▶ [Directions]:
With pictures left out, output exactly the lines from the line holding "Ball & Cast" through the end of the data, both included.

▶ [The data]:
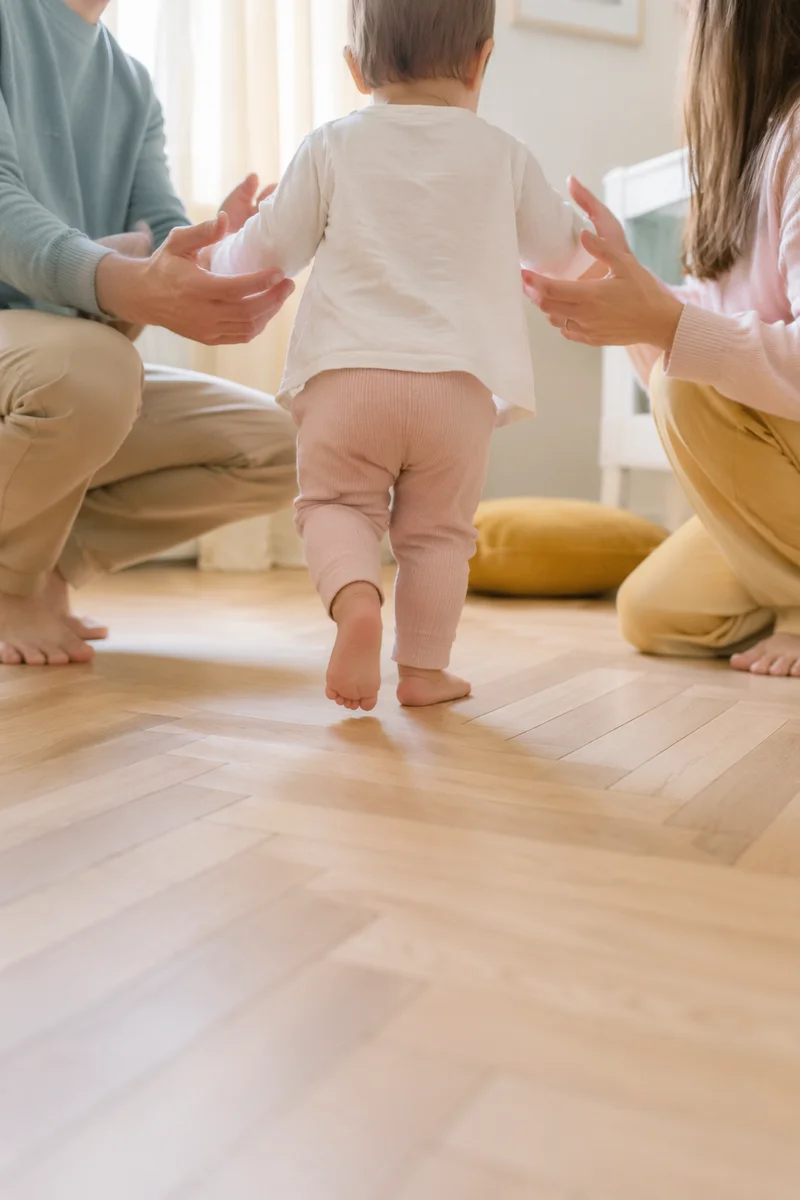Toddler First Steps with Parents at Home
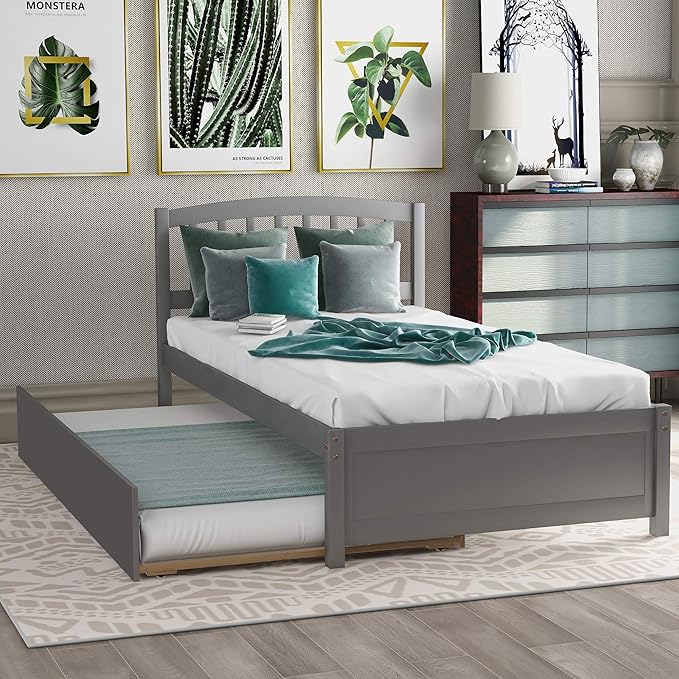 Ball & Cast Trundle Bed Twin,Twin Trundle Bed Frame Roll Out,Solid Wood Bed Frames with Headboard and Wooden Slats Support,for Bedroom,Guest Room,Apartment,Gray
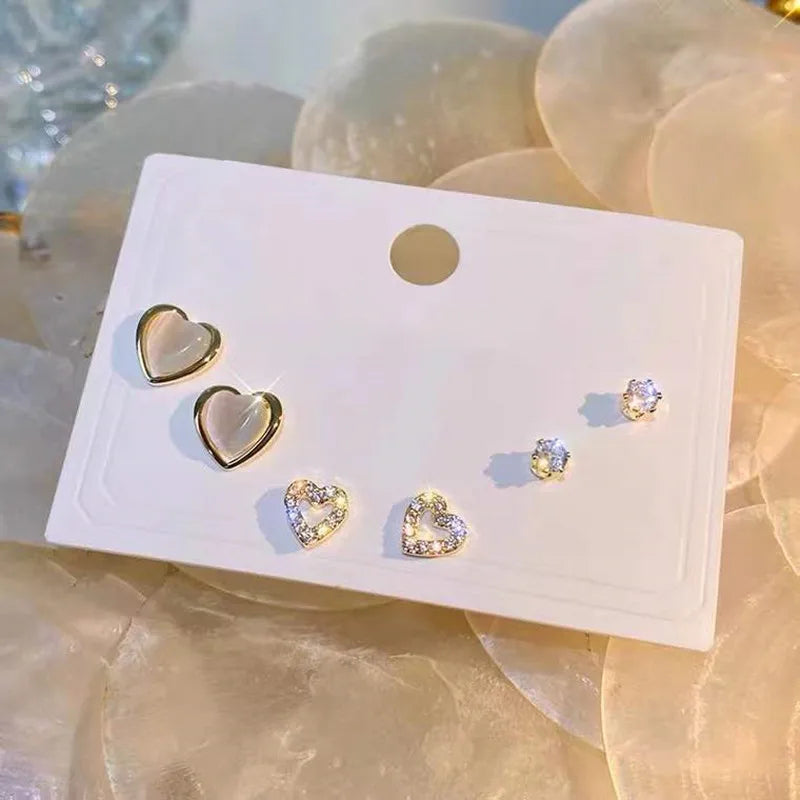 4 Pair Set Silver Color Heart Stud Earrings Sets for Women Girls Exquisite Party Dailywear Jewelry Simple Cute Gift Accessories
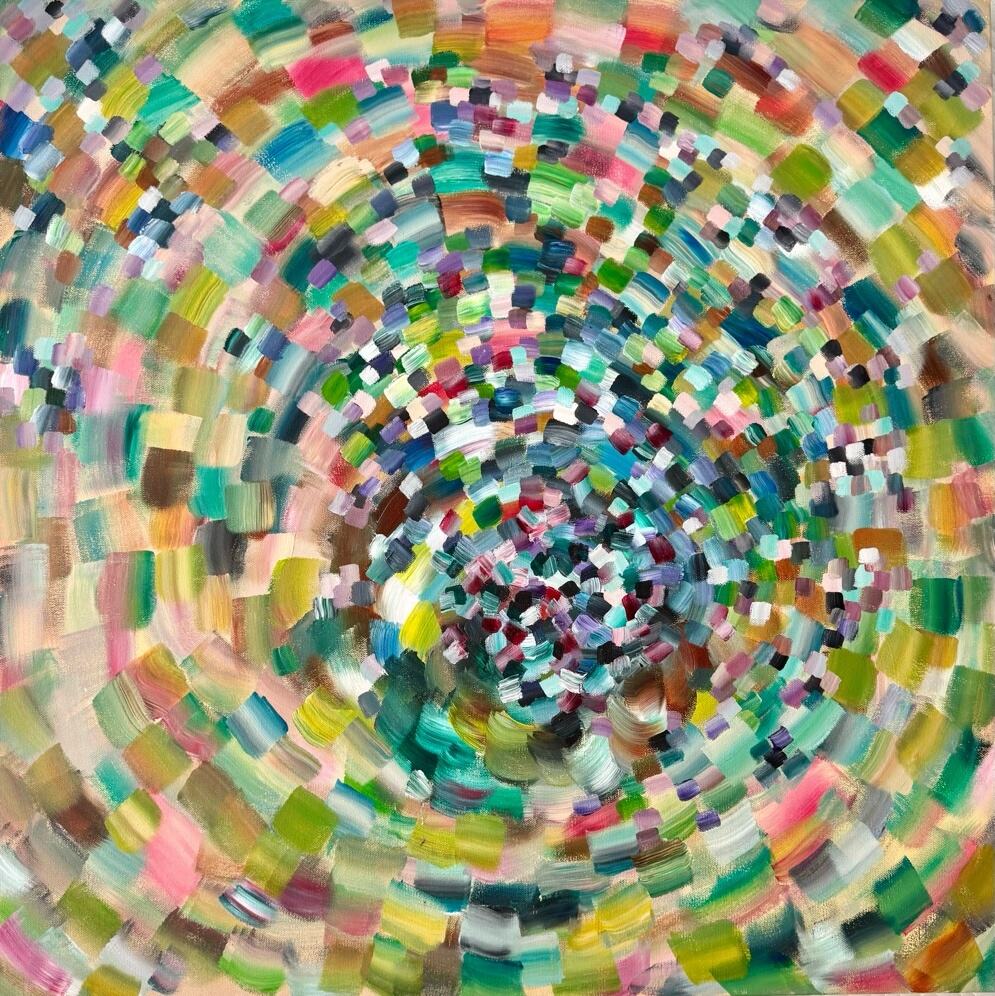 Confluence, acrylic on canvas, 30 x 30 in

▶ [Task answer]:
 Ball & Cast Trundle Bed Twin,Twin Trundle Bed Frame Roll Out,Solid Wood Bed Frames with Headboard and Wooden Slats Support,for Bedroom,Guest Room,Apartment,Gray
 4 Pair Set Silver Color Heart Stud Earrings Sets for Women Girls Exquisite Party Dailywear Jewelry Simple Cute Gift Accessories
 Confluence, acrylic on canvas, 30 x 30 in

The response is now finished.